About eight months ago, Jaguar became the laughing stock of the internet. They released what seemed to be the most controversial, out-of-touch rebrand of all time. Graphic designers ripped on the new font and marketing experts roasted the shallow slogans. Everyone asked, "Why don't they just go back to their roots?"
But actually, what are Jaguar's roots?
Jaguar is making a bet on something sinister, and unfortunately, I think it might be a smart play.
The latest rebrand isn't Jaguar's first identity crisis. The brand has struggled to define itself forever. It started as the Swallow Sidecar Company in 1922, then Swallow Coachbuilding, then SS Cars. The founder (William Lyons) had a simple formula of building stylish cars that looked as expensive as a Bentley but cost a fraction of the price. It was a sort of attainable luxury.
This peaked in 1961 with the E-Type car model offered by the brand. It looked new and modern, which led even Enzo Ferrari to call it the most beautiful car ever made. It had the performance to back up its style, costing half as much as an Aston Martin. Everyone wanted one. It was peak Jaguar.
But the 60 years that came after have not been kind. The decline started when Jaguar joined British Leyland in 1968. The cars kept the quirky British charm but gained a reputation for poor construction. The old Jaguar meant cheap cars that felt expensive, while the new Jaguar was expensive cars that felt cheap. By the 90s, Jaguar's real identity was "old people cars." They were sold in old-person Beige Metallic. Ford tried to fix this in 2001 with the X-Type rebranding. They failed entirely. Young people didn't want a mini-XJ.

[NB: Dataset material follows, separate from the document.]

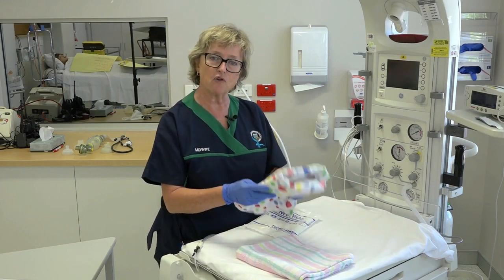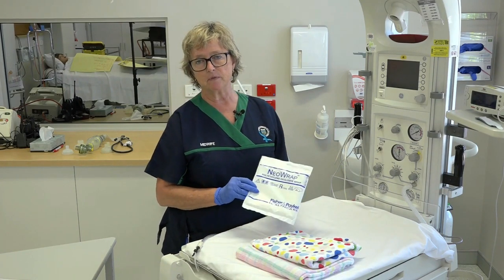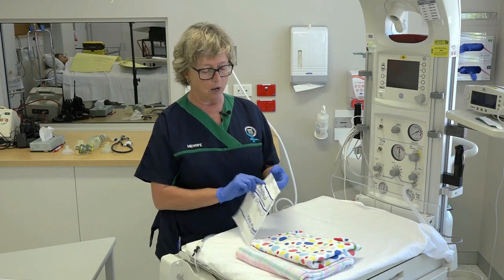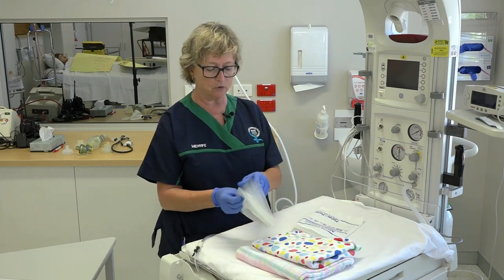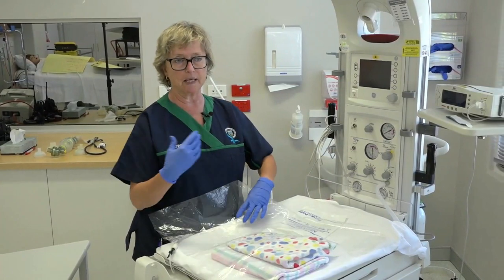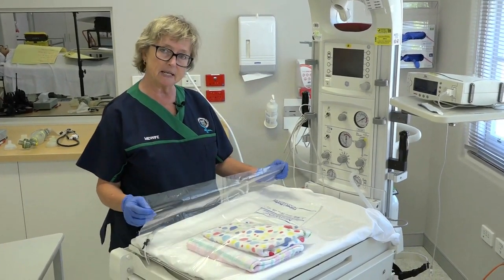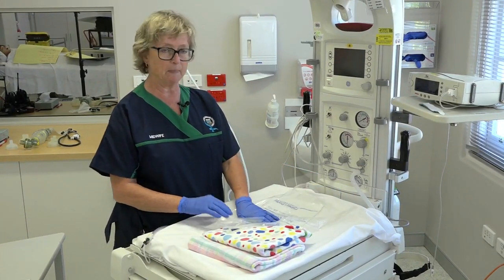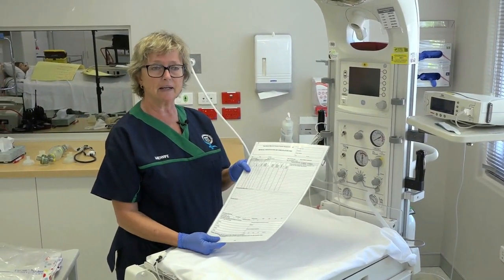In addition to the heater, we need pre-warmed wraps and something to dry the baby with, which can then be swapped for a dry wrap. For small or preterm babies — those less than 32 weeks gestational age or less than 1500 grams — we use plastic wraps. The baby is not dried but placed inside the wrap, which could be a poncho-type wrap or bubble wrap, while still wet, keeping the face outside. This acts like a greenhouse to keep the baby warm.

Which brings us to the present. Jaguar has stopped making their current cars to focus on building super-luxury, 200,000 USD EVs. They have completely overhauled their entire company.
The "delete ordinary" slogans and fluid models are meant to make a certain type of person feel a certain way. And the fact that some don't want to feel that way doesn't mean the rebrand is bad. The customer Jaguar used to go for, the "attainable luxury" buyer, seems to be fading away. Upwardly mobile consumers aren't the consumer base they once were. Jaguar is placing a bet that the middle ground is dead. We might not like it, but that doesn't mean it isn't smart.